La Presse a publié un article le 14 septembre dernier. Il concernait la réévaluation du « rôle » de la Sénatrice Lynn Beyak suite au propos qu’elle a tenu au printemps dernier en lien avec sa prise de position sur le statut des Premières Nations dans notre pays. Elle affirmait entre autres que «Les personnes qui ont joué jadis un rôle dans les pensionnats indiens, dont certaines sont peut-être même vos ancêtres, avaient surtout de bonnes intentions, et nous devrions pardonner à celles pour qui ce n’était pas le cas». Elle demandait aux Premières Nations : «Personne ne s’en va, alors cessons la culpabilisation et les blâmes, et trouvons une façon de cohabiter et de partager.

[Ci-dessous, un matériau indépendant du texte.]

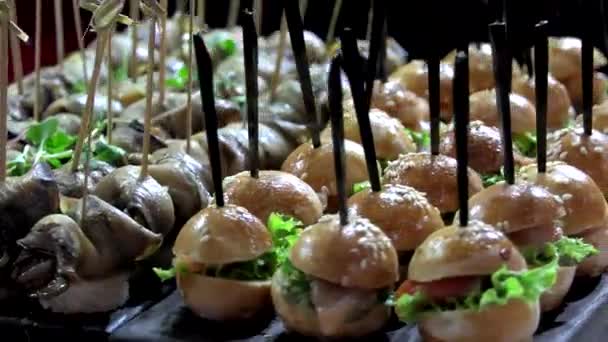 Mini Canape Connection Med Ost Kött Och Skaldjur Närbild Shot — Stockvideo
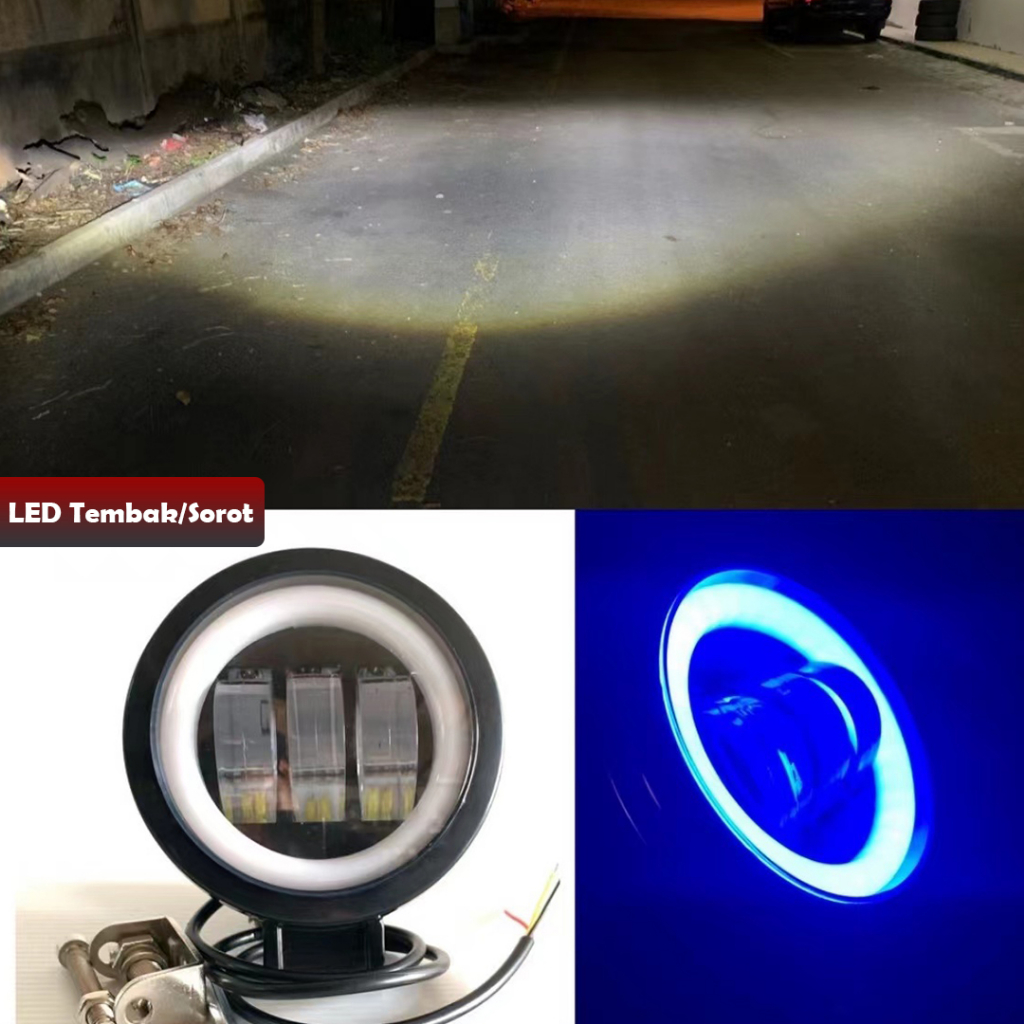 Lampu LED MT star tembak sorot CWL 3 mata lensa 6D-30watt CREE ANGEL EYE SQUARE-YOYOSOO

Échangez votre certificat de statut (indien) contre la citoyenneté canadienne (…) et allons de l’avant comme les leaders le font déjà à Ottawa».
Voici ce que j’aurais eu envie de répondre au propos de Mme. Lynn Beyak.
Sénatrice, vous me donnez la chair de poule !
Je vous imagine prononcer ces mots que j’ose à peine lire avec mes deux yeux tellement ils heurtent mes valeurs québécoises. Ça me chavire. Ce que vous avez dit me chavire. Le fait que ces paroles reflètent votre pensée me chavire. Ces paroles proviennent de la bouche de quelqu’un qui est censé « faire entendre le point de vue des minorités au Parlement, grâce à la sagesse que lui procure son expérience personnelle » si l’on en croit la définition du Sénat du Canada. Les propos que vous tenez, je les ai déjà entendus. Ils ont heurté mes oreilles trop souvent. Ils ont été prononcés par des gens qui tenaient un discours influencé par leur ignorance. Gens à qui il était facile pour moi de répondre qu’il serait bon pour leur intérêt personnel et celui de notre société d’aller en apprendre un peu plus sur les Premières Nations, leur histoire, leurs valeurs avant d’émettre une opinion injuste et remplie de jugement. Vous Madame Lynn Beyak, vous avez une tribune. Cette tribune a beaucoup plus d’importance et de place que celle du citoyen moyen qui peut partager son opinion parfois teintée d’ignorance et souvent bourrée de manque de connaissance sur les réseaux sociaux. Votre tribune est aussi à des années-lumière plus accessible que celle des gens des communautés culturelles inuits ou autochtones qui voudraient bien se faire entendre sur le sujet. Vous demandez à un peuple qui est en constante quête identitaire et qui vit dans un « clash » générationnel depuis des années de se départir de ses racines et d’une partie de ce qui le défini. Vous dites aux jeunes Inuits qui sont perdus entre la chaleureuse toundra et la froideur de Facebook de ne faire qu’un avec ceux qui ont brisé l’identité de leurs parents et grands-parents. Ces gens qui ont été à une certaine époque, un simple numéro aux yeux du gouvernement dans « vos pensionnats sans mauvaises intentions », vous leur demandé de se camoufler dans le reste de la société pour ne pas dépeindre le beau portrait homogène de bon Canadien.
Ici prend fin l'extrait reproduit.